*** Block opens ***

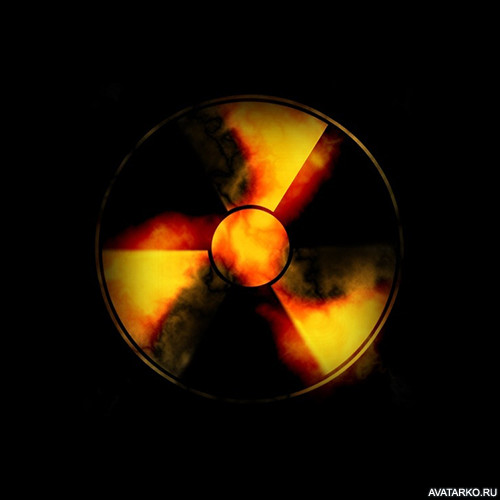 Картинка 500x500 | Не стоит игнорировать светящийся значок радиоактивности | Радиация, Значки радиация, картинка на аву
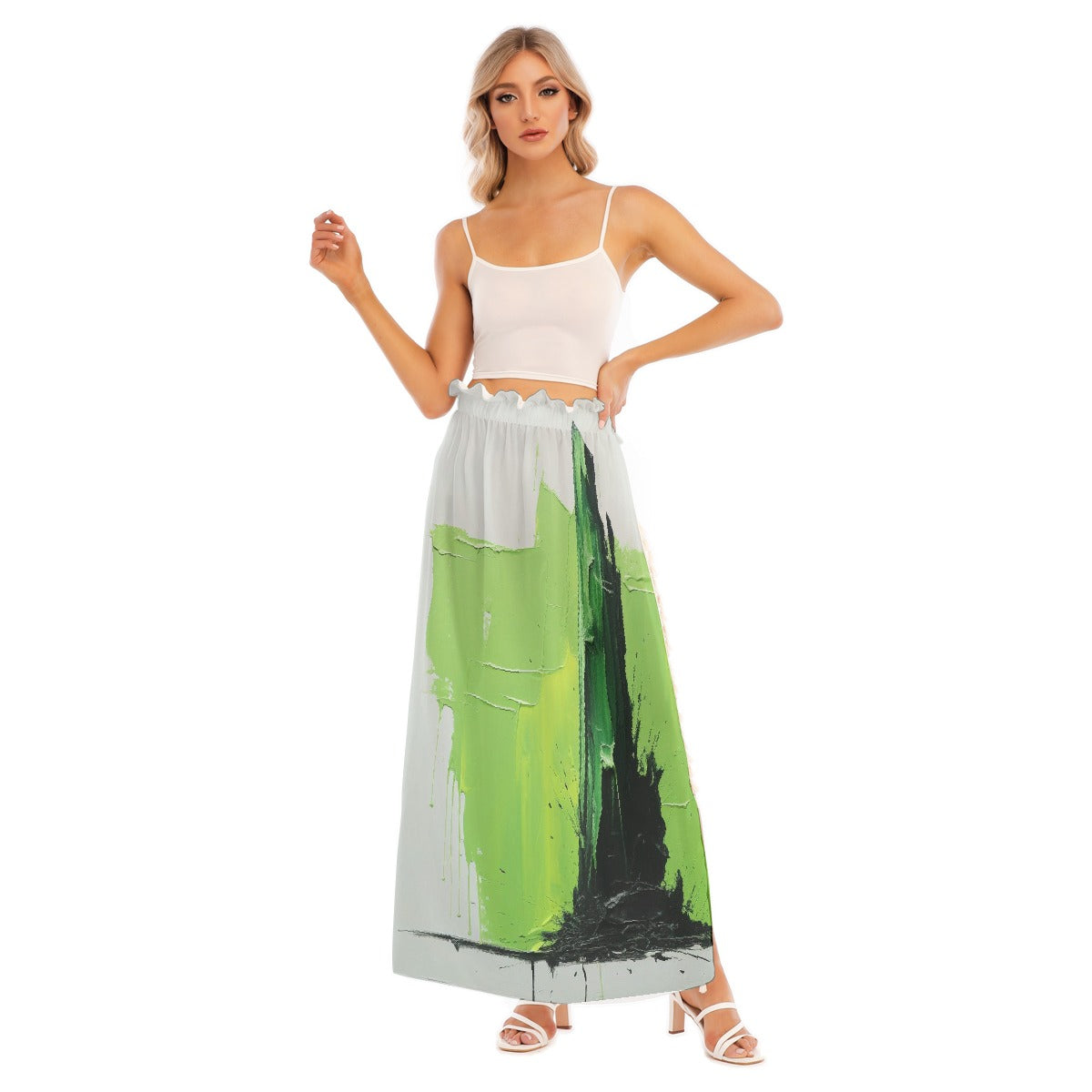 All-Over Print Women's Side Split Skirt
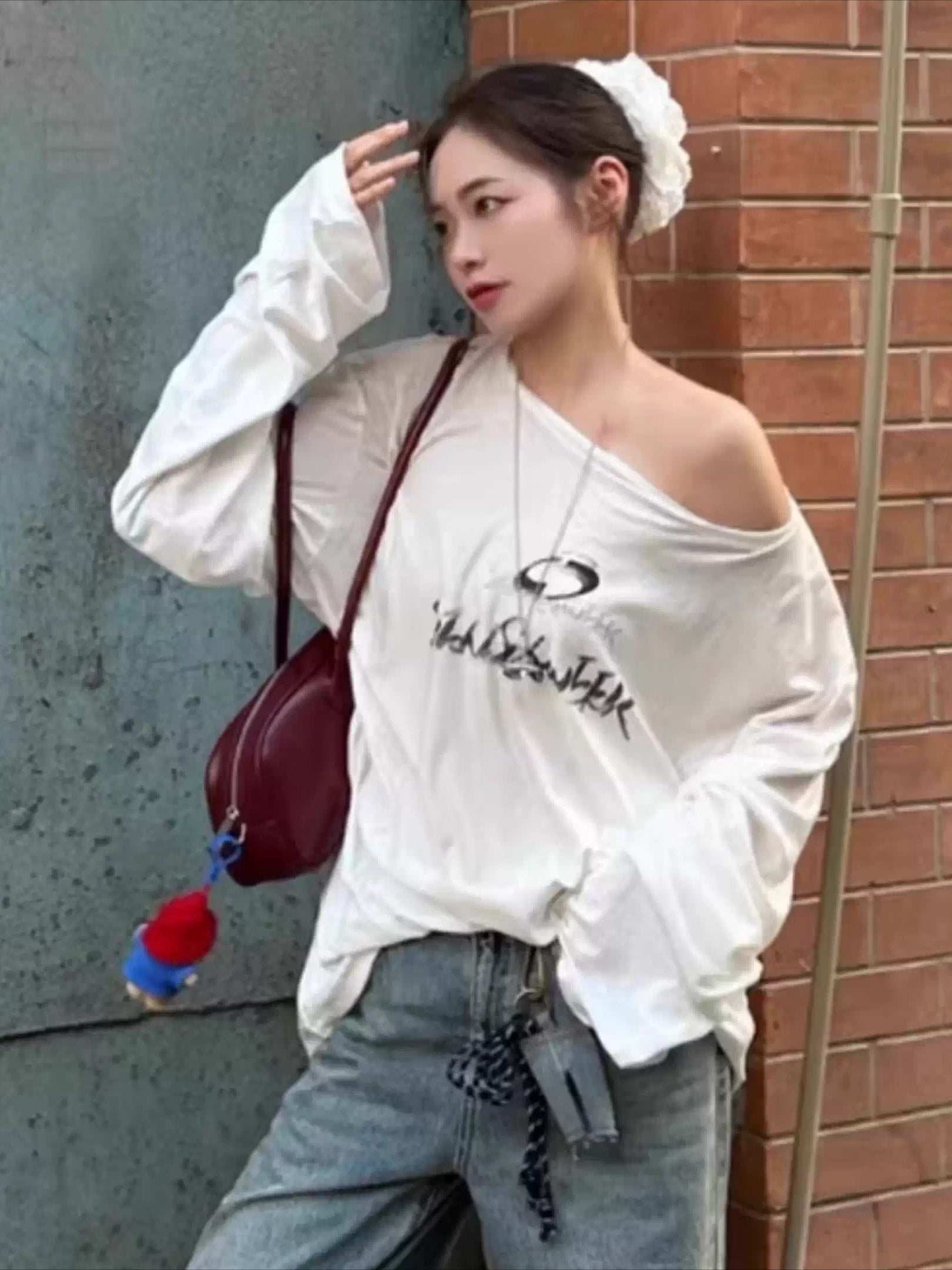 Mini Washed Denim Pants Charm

*** Block closes ***

● Exercise aim: When you repeat the material, keep every word exact and drop the pictures.

● Written response:
 Картинка 500x500 | Не стоит игнорировать светящийся значок радиоактивности | Радиация, Значки радиация, картинка на аву
 All-Over Print Women's Side Split Skirt
 Mini Washed Denim Pants Charm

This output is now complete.